**Your assignment**
Transcribe the data below exactly, but only from the line containing "Women 3 Piece" through its final line, both included.

**Source material**
───

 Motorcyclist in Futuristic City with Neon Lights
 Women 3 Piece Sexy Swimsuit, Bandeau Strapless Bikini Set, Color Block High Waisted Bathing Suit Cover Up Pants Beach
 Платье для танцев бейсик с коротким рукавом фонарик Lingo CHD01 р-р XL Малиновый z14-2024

───

**Output for this exercise**
 Women 3 Piece Sexy Swimsuit, Bandeau Strapless Bikini Set, Color Block High Waisted Bathing Suit Cover Up Pants Beach
 Платье для танцев бейсик с коротким рукавом фонарик Lingo CHD01 р-р XL Малиновый z14-2024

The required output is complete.